Two recent articles examining the legal policy of the Obama White House have concluded that one man wields unprecedented power and influence: Lindsey Graham, a Republican senator from South Carolina who first gained national attention as one of the managers of the impeachment effort against President Bill Clinton. He went on to win a Senate seat and aligned himself tightly with Senator John McCain. An Air Force reserve JAG, Graham was a champion for lawyers inside the Defense Department as they battled Bush Administration efforts to introduce torture. But he was simultaneously a champion of other aspects of Bush-era war-on-terror policy, including the notion of military commissions to try prisoners held at Guantánamo. Both the New York Times and the New Yorker found that presidential chief of staff Rahm Emanuel relied heavily on Graham and his views, seeing in them a possible bridge to a bipartisan consensus on thorny legal policy issues. As Glenn Greenwald puts it, Lindsey Graham has become “all powerful.”
Politico’s Josh Gerstein now reports that Graham may be decisively influencing the White House on another critical issue: whether prisoners will be held indefinitely and without charge under a system that legal experts call preventive detention.
Civil liberties advocates and many who back Obama’s effort to close Guantanamo have opposed a preventive detention law as a departure from the tradition of prosecuting and punishing individuals for specific crimes. Some critics have also expressed worries that such a law would be hard to limit and could be extended well beyond Al Qaeda operatives.
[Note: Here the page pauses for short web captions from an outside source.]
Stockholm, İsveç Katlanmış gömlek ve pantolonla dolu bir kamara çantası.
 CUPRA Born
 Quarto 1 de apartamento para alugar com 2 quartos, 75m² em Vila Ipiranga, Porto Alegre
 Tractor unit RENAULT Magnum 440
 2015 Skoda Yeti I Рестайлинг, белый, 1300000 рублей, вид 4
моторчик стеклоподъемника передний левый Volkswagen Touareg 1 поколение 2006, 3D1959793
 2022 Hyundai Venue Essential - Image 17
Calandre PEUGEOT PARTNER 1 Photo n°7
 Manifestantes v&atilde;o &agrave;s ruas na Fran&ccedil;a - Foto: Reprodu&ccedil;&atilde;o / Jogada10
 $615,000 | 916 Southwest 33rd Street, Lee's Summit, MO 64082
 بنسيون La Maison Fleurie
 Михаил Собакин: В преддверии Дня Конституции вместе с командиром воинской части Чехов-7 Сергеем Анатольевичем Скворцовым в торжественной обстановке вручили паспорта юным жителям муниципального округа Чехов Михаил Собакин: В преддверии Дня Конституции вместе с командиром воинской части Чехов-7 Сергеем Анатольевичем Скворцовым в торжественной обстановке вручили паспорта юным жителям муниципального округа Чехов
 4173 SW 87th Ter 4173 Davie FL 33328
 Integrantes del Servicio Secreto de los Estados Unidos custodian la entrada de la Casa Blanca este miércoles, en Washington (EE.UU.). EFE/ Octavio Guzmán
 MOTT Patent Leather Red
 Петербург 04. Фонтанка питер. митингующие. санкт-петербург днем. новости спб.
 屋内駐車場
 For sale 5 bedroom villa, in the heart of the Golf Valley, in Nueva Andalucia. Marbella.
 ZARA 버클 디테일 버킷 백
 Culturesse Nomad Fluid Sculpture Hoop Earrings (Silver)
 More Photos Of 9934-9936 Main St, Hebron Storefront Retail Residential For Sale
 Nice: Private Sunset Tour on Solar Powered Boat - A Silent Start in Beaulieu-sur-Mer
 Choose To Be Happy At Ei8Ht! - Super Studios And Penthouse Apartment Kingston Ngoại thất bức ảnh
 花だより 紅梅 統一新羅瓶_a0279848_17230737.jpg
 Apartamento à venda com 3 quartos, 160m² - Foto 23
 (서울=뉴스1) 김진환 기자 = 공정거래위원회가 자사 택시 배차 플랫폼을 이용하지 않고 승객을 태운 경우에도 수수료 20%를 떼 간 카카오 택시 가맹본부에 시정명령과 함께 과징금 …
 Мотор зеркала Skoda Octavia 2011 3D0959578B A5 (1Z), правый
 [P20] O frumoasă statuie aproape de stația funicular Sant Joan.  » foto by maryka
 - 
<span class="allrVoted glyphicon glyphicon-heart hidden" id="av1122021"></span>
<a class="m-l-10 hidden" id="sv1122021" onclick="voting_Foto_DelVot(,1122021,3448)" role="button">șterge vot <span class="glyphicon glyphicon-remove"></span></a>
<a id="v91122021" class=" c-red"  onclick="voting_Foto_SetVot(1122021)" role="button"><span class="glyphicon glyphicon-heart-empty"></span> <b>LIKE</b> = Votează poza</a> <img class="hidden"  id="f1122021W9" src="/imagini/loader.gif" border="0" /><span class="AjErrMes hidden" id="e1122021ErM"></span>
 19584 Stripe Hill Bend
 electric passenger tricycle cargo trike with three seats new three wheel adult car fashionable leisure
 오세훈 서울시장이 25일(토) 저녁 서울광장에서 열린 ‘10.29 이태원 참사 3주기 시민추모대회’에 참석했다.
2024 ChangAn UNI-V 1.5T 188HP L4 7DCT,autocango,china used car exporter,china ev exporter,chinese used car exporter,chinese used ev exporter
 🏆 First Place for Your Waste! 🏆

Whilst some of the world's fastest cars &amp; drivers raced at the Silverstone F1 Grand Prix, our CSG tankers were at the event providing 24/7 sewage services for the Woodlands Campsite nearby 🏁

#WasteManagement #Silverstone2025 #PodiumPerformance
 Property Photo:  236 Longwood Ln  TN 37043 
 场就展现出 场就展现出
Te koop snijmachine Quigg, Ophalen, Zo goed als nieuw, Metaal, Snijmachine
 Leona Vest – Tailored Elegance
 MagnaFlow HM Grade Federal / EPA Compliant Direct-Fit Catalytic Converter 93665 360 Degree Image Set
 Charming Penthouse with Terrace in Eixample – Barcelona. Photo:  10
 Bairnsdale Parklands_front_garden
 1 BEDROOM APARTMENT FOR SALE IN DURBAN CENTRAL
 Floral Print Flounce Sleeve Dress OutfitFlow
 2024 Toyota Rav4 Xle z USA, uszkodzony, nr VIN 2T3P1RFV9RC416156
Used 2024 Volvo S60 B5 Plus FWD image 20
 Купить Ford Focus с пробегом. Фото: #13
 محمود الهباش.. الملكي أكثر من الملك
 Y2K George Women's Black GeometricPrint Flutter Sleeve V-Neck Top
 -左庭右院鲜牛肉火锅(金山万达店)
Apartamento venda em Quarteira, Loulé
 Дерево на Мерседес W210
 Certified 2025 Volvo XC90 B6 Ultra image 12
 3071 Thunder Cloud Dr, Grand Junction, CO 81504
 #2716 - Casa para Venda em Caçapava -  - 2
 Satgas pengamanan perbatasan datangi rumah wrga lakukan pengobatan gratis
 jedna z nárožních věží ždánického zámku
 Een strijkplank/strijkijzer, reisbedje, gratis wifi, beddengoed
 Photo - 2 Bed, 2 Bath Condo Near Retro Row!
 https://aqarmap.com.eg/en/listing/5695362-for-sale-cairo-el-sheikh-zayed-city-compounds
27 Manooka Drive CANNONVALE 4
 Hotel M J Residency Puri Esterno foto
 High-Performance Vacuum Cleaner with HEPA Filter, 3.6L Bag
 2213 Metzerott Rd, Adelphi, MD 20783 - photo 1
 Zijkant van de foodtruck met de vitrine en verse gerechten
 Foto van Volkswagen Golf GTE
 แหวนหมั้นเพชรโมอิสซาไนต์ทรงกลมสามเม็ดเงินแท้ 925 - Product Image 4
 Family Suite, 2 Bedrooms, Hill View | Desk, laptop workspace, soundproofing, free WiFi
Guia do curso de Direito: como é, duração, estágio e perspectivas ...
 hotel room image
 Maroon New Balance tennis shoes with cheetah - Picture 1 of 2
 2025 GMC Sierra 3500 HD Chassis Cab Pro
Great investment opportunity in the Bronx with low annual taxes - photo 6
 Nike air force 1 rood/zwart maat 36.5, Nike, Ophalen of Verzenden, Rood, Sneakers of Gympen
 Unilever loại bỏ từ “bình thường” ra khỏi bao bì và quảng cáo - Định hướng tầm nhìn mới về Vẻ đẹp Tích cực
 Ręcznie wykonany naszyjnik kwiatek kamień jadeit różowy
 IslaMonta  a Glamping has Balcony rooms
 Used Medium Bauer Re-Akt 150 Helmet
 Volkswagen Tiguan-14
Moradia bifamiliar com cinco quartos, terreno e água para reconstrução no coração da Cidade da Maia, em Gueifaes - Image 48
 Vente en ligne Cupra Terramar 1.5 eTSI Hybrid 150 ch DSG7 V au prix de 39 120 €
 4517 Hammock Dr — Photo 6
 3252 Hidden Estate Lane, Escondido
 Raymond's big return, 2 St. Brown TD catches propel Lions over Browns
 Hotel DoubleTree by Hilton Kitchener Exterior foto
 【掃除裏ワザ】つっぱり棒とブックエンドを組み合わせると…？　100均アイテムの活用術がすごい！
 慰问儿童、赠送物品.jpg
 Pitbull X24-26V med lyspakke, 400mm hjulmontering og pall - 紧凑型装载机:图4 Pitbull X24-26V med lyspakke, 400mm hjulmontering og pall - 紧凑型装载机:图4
Asked why the administration had become more open to a detention statute, Graham cited recent court rulings and comments by several federal judges who said the legal standards for detaining enemy prisoners are too vague. “The judges are just absolutely beside themselves,” Graham said. “I think that is something new the administration is listening to — the judiciary. … I do believe there is a willingness by some in the administration to sit down and reform our habeas statutes.”
Graham’s comment that judges are “absolutely beside themselves” is certainly overblown. Specifically, judges Thomas Hogan and Ricardo Urbina have suggested that Congress has not furnished the sort of guidance it could. Do judges come to differing applications of law to fact? Of course. That occurs every day in courts all around the country. It hardly indicates an imminent collapse of the legal system.
Political editorialist Ben Wittes has been campaigning for a regime of preventive detention for some time. His latest effort, co-authored with law professor Robert Chesney, is essentially a retread of an earlier screed against judicial involvement in the process published at the end of 2009. The Wittes view is that “chaos” has resulted from differing standards on what constitutes “coerced” testimony, and that the optimum solution would be to remove judges from the process, or at least restrict the damage they can do through new legislation.
What Wittes neglects to mention is that this “confusion” is largely the result of sustained efforts by the Bush Administration to blur the definition of “torture.” Their last approach was an attempt to define “torture” into oblivion but to give judges broad discretion to ascertain whether in individual cases coercion was so strong as to make the testimony untrustworthy. In other words, the Bush Administration sought to avoid a bright line approach and instead advocated one in which each decision would be specific to its own facts. Does that make for varying results? Indeed, that was the very purpose of the approach adopted. Thus, the complaint that Wittes and Chesney level, effectively that judges are having a hard time applying the law, borders on the ludicrous.
These points are essential to the program of long-term detention without charge that Wittes has made the focus of his recent career as a think-tank expert. Confessions extorted from prisoners under duress, and often enough under torture, are among the few tools available—in the absence of any serious evidence—to justify continued detentions. So far, their efforts have been staggeringly ineffective, with thirty-two decisions against the government in habeas cases, and only nine in the government’s favor. Those outcomes, mind you, are in the government’s handpicked forum—the District Court for the District of Columbia—before a pack of very conservative, Republican-appointed judges. Evidently this is still not quite stacked enough to suit some, including Wittes.
The importance of this issue cannot be overstated. At the core of the American Constitution and legal system lies what Blackstone called “the principle of freedom,” namely that the state does not have the power to deprive a person of his liberty unless he is charged and swiftly brought to trial. Open-ended preventive detention subverts this very principle, and indeed our Constitution and notion of the Rule of Law.
So let’s be clear about the context: Rahm Emanuel believes that the principle of freedom should be surrendered, because otherwise a Republican senator from South Carolina will be angry and the President’s Guantánamo plans might be blocked. A profound thinker, that Rahm Emanuel. It may be that Emanuel and Graham share a serious core agenda: the construction of an ever more powerful executive, wielding broad discretion that cannot be checked by courts and laws.